No Escape II: la via da seguire
“Ogni anno, gli impatti complessivi di conflitti, eventi meteorologici estremi e disastri su rifugiati, sfollati e persone che li accolgono continuano ad aggravarsi, ma aumenta anche la nostra comprensione di ciò che funziona: investimenti coraggiosi, azioni inclusive e fiducia nelle comunità colpite. Il divario tra bisogni e risorse disponibili rimane ampio e le persone non possono sopravvivere in questo divario. Dobbiamo colmarlo, non a parole, ma con ferma volontà, solidarietà e un’azione costante per il clima“. Sono le parole di Filippo Grandi alla guida dell’UNHCR, l’Agenzia ONU per i rifugiati, che hanno accompagnato l’uscita del Rapporto No Escape II: The Way Forward, presentato in occasione della Conferenza mondiale sul clima di Belem. L’UNHCR con questo Rapporto ha lanciato una chiamata all’azione: abilitare, includere, investire e realizzare (Fig. 2) per portare soluzioni climatiche in prima linea per superare sfollamenti e conflitti. Il Rapporto riporta dati alquanto significativi rispetto all’impatto del caos climatico:
- 3 rifugiati o sfollati su 4 vivono in Paesi esposti a rischi climatici da elevati a estremi;
- 250 milioni di movimenti forzati interni provocati da disastri climatici negli ultimi 10 anni, circa 70.000 al giorno (2 movimenti ogni 3 secondi). +10% rispetto al 2023;
- dal 2009 i Paesi che segnalano sfollamenti dovuti sia a conflitti che a calamità naturali sono triplicati;
- entro il 2050, i 15 campi di rifugiati più caldi del mondo, situati in Gambia, Eritrea, Etiopia, Senegal e Mali, dovranno affrontare circa 200 giorni di stress da ondate di calore pericolose ogni anno;
- entro il 2040, i Paesi che dovranno affrontare rischi climatici estremi potrebbero aumentare da 3 a 65. Questi 65 Paesi ospitano il 45% di tutte le persone ad oggi sfollate.

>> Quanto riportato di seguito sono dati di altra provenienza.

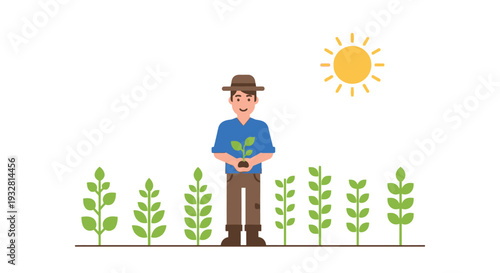 Man standing in a farm field.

Figura 2 Chiamata all’azione (Fonte No Escape II: The Way Forward)
Visti climatici per gli abitanti di Tuvalu
Intanto dall’Australia arrivano i primi visti climatici per i cittadini di Tuvalu, un arcipelago remoto nel Pacifico, a soli (in media) due metri sopra il livello del mare. Secondo la NASA, entro il 2050 metà dell’atollo di Funafuti, dove vive il 60% dei residenti di Tuvalu, rischia di essere sommerso. L’accordo tra i due Paesi, il “Falepili Union, prevede 280 visti all’anno concessi per sorteggio dall’Australia, una forma di migrazione pianificata che rientra nel Piano di adattamento ai cambiamenti climatici di Tuvalu. Questa però non è una rinuncia alla propria terra. Sebbene i tuvaluani abbiano accettato questo salvagente dal governo di Canberra, stanno allo stesso tempo implementando misure fisiche di adattamento per mettere in sicurezza le proprie isole, attraverso la creazione di oltre 3,5 Km2 di nuovo territorio rialzato, sistemi per la raccolta dell’acqua e la protezione delle infrastrutture.
L’azione del governo di Canberra, seppure con i limiti geopolitici che cela (l’Australia ha chiesto l’ingerenza del governo di Canberra nelle relazioni di Tuvalu con gli Stati terzi, soprattutto la Cina) è importante non solo perché mette al centro delle cause migratorie i cambiamenti climatici ma induce, oggi più che mai in occasione della Giornata Mondiale del Migrante, ancora prima di guardare alle cause a una riflessione sull’urgenza di garantire percorsi sicuri a chi è costretto ad abbandonare le proprie terre. Pensiamo che solo nella rotta del Mediterraneo quest’anno (fino a settembre) sono stati 1.300 i morti e i dispersi, un dato diffuso dalla Fondazione Migrantes.
Una fotografia delle migrazioni climatiche e ambientali in Italia è restituita nel report “Migrazioni ambientali e crisi climatica – Edizione Speciale Le Rotte del Clima”, curato da A Sud in collaborazione con Systasis (promotore del progetto “Le Rotte del Clima” nel quale è stata effettuata la ricerca sul campo che ha coinvolto circa 350 persone migranti in Italia), ASGI, We World e un’ampia rete di partner.